É meu entendimento que estamos num momento delicadíssimo no país, e ninguém está fazendo nada para conciliar as partes. Tudo o que eu vejo na mídia, nas redes sociais, no papo de elevador, é gente jogando pra própria platéia. O debate político no país ficou em coma por muitos anos, mas agora que voltou parece que todo mundo só está interessado em gritar, rosnar, enfiar seus ideais goela abaixo dos discordantes, ou pior: nem faz questão de explicar seus pontos de vista, apenas ironiza e hostiliza as opiniões contrárias e trata quem as têm como um inimigo. A ficha caiu assistindo a um vídeo gravado no domingo, onde jornalistas tentavam entrevistar três manifestantes que chegavam à delegacia para se inteirar do caso do cinegrafista Santiago Andrade. No vídeo fica claro que os dois grupos já começam a interagir na ofensiva, trocam farpas desnecessárias, e no ponto culminante do vídeo, um dos ativistas diz a um cinegrafista que "espera que ele seja o próximo" (a levar um rojão na cara), ao que o cinegrafista simplesmente golpeia a cabeça do menino com a câmera. É um show de horrores, de bile, de intolerância, e é uma situação absurda que não favorece ninguém. Os dois estavam errados, e os dois estavam calçados em justificativas emocionais genuínas para suas reações. Mas justificativas emocionais não valem de nada em sociedade. Somos seres racionais, e estamos deixando de nos comportar de acordo por causa de uma crescente histeria coletiva.

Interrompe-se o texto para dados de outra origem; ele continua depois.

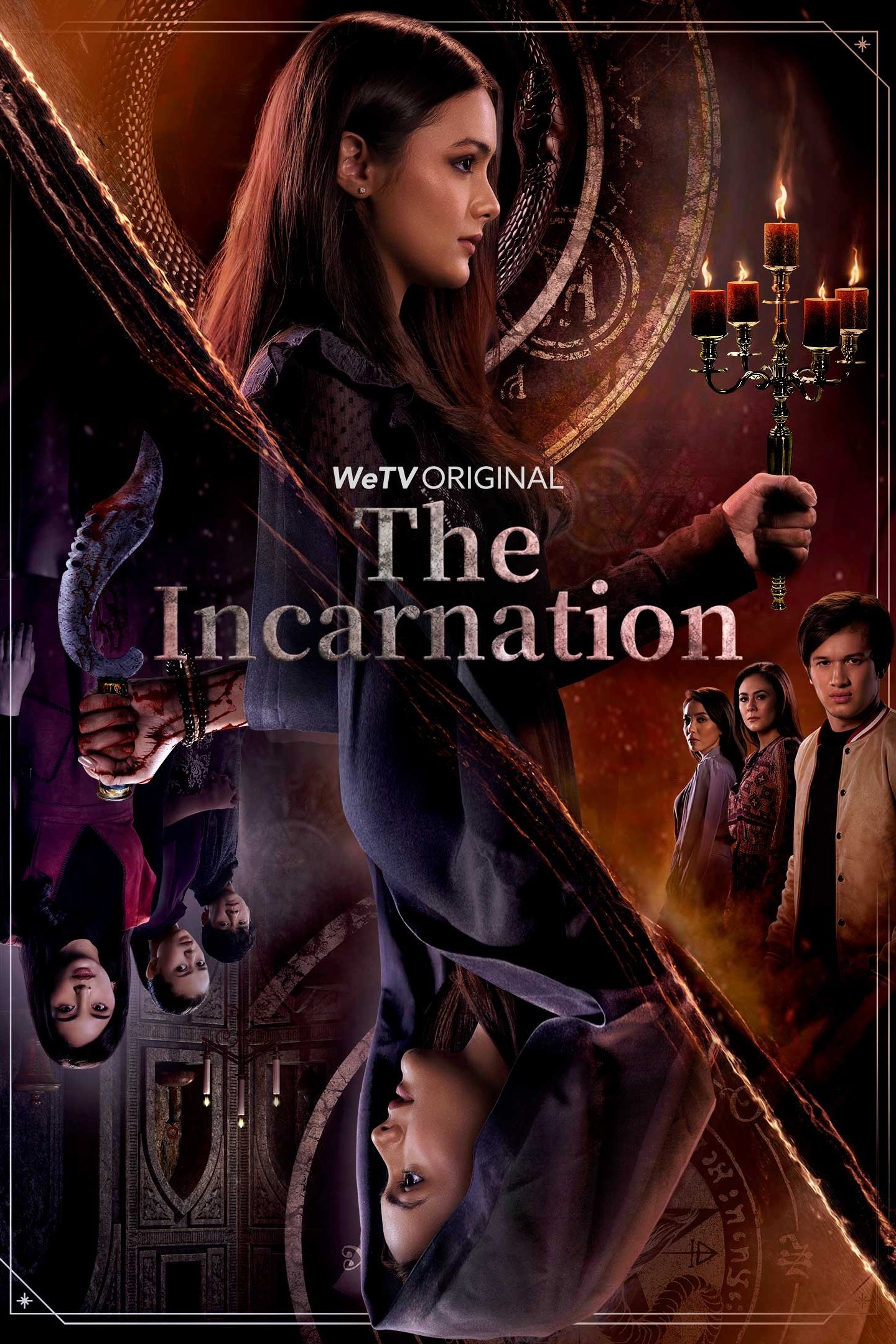 Poster phim Kiếp Người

Então estou tomando a iniciativa de sair da comodidade de apenas repercutir idéias que corroboram com as minhas para meus amigos (que felizmente pensam como eu em questões fundamentais, ou dificilmente seriam meus amigos) e de expôr ao ridículo os pensamentos contrários - sabendo que assim, quem os tem também se sente ridicularizado e atingido. Estou estendendo a mão e oferecendo uma trégua, e tudo o que peço é que leiam desarmados - e que, sobretudo, não se sintam paternalizados. E nem se sintam corrigidos, porque eu não acho que vocês estejam errados. Dentro do universo de argumentos que compõem a filosofia do olho-por-olho, dente-por-dente, vocês estão certos.

Mas estar certo não significa estar correto. Parece estranho, mas deveria ser óbvio. Ninguém considera a própria opinião errada, e mesmo assim existem opiniões divergentes no planeta. Então, o que diferencia o certo do correto? Pra começar, o correto é um estado utópico e inalcançável, mas nossas certezas podem estar mais ou menos próximas do correto. E, na maioria das vezes, isso depende diretamente da quantidade de informações sobre um fato que cada um possui. Muitas pessoas que têm opiniões diferentes sobre o mesmo assunto, na verdade, pensam da mesma forma e têm os mesmos valores. O que muda é a quantidade de informação em que a opinião se baseia. Então, você pode estar certíssimo em seu ideal baseado em 3 ou 4 fatos que servem para alimentar sua opinião, porém outros 5 fatos que você desconhece mudariam a equação para um resultado radicalmente diferente.

Então eu venho aqui tentar explicar, bem didaticamente, os motivos que me levam a acreditar que vocês têm uma visão muito incorreta dos problemas que povoam a nossa realidade cotidiana e suas possíveis soluções.

Vou começar dizendo que é natural e normal pensar assim. Na verdade, é instintivo. A revolta, a agressividade, a reatividade são elementos fundamentais do ser humano e de quase todos os seres vivos. Sempre que nos deparamos com a violência, a agressividade alheia, temos o mesmo instinto de nossos ancestrais: defender nosso território e nossas vidas. Na natureza, a única forma de fazer isso é o conflito, e portanto somos moldados e chaveados para querer o conflito quando nos sentimos ameaçados. Com essa estrutura psicológica pura, e munido apenas das informações que se forçam às nossas percepções (é impossível ignorar a violência quando todo dia ela está estampada nas nossas caras, isso quando não aparece pessoalmente para nos assombrar), não existe outra resposta que não a da defesa, na necessidade de extirpar a força agressora. Nesse estado de coisas, isso é mais do que o certo, é o natural.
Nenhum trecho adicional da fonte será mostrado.